Dalam kesempatan tersebut, Telkom juga menghadirkan kolaborasi dengan Microsoft, Fortinet, Huawei, dan Google. Kolaborasi ini diwujudkan melalui program pelatihan serta sertifikasi berstandar internasional guna memperkuat kompetensi talenta digital guru dan siswa SMK Telkom.
Vice President Primary Secondary Education Management YPT, Kamariah Latief, menyampaikan bahwa kolaborasi global menjadi kunci dalam membangun sekolah unggulan yang mampu melahirkan lulusan berdaya saing internasional. Ia menjelaskan bahwa pemerintah tengah mendorong lahirnya sekolah unggulan sebagai percontohan nasional, sehingga melalui kolaborasi dengan tech giants pihaknya ingin memastikan siswa SMK Telkom memiliki kompetensi global, termasuk sertifikasi internasional yang membuka peluang melanjutkan studi maupun bekerja hingga ke luar negeri.
Sementara itu, GSPS Project Leader Detriana Margita Sari menegaskan peran GSPS sebagai jembatan strategis antara dunia pendidikan dan ekosistem teknologi global. Ia menyebut sinergi tersebut sebagai langkah konkret dalam menjembatani kesenjangan atau gap antara dunia pendidikan dan kebutuhan industri global. Dengan menghadirkan keahlian dari pemimpin teknologi dunia langsung ke ruang kelas SMK Telkom, ia optimistis lulusan SMK Telkom akan menjadi aktor utama dalam ekonomi digital global.

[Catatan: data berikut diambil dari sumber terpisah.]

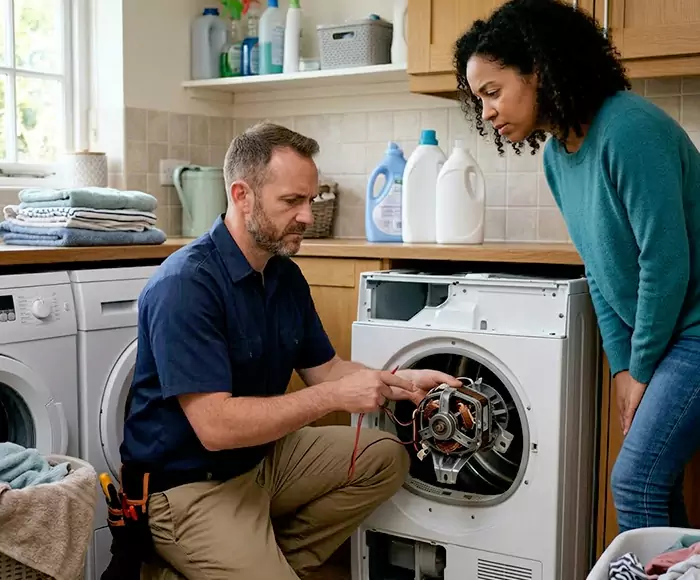 Skilled Dryer Motor Service: Your Professional Dryer Motor Replacement Team in Huntersville, NC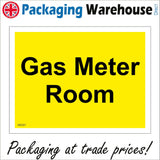 HA201 Gas Meter Room Utility Ventilation Fuel Petroleum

Melalui inisiatif ini, Telkom Indonesia kembali menegaskan posisinya sebagai penggerak ekosistem talenta digital nasional. Di sisi lain, langkah tersebut juga memperkuat posisi SMK Telkom sebagai institusi pendidikan vokasi unggulan yang adaptif terhadap perkembangan teknologi, relevan dengan kebutuhan industri, serta siap mencetak lulusan berdaya saing global.